Matthew 17:4-5 – THE RIGHT TO SPEAK AND THE CHOICE TO LISTEN
He is always getting into trouble. He opens his mouth and it ends up being offensive and someone goes away upset or embarrassed. It’s not that he doesn’t think or listen. It’s just that he interprets things through the eyes of impetuosity, chauvinism or even racism. As a follower of Jesus he is maturing but he still has a way to go.
Because he thinks that he has something worthwhile to contribute he blurts out ideas and suggestions and that’s what usually gets him into trouble. I shouldn’t talk. Most of the time I am thinking the same thing, but don’t say anything.
I learn a lot from Peter’s impulsiveness although he embarrasses me and himself in the process.
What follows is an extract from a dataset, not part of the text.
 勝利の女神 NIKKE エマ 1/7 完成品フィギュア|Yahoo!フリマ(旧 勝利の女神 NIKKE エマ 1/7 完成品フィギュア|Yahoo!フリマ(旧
He speaks openly when he should listen. He is insensitive and tactless and later regrets saying anything at all. He is spontaneous but borders on recklessness. It’s not as if he doesn’t know others are listening. Classic foot-in-mouth. Unprompted theatre.
Benjamin Franklin said “Remember not only to say the right thing in the right place, but far more difficult still, to leave unsaid the wrong thing at the tempting moment.” Peter maybe impetuous but his suggestion in this case is not stupid, just wrong. He may misunderstand the significance of what is happening but he is actively seeking to piece it all together. He will always remember that although he had the right to speak, he also had the choice to listen.
Having little experience of Jewish culture Peter’s suggestion seems odd to me, but apparently far away in Jerusalem there are many at present who are commemorating the Feast of Tabernacles. They build and live in make-shift shelters for a week to remember the Exodus when Moses led the Hebrews from Egypt; camping out in the wilderness before entering the promised land.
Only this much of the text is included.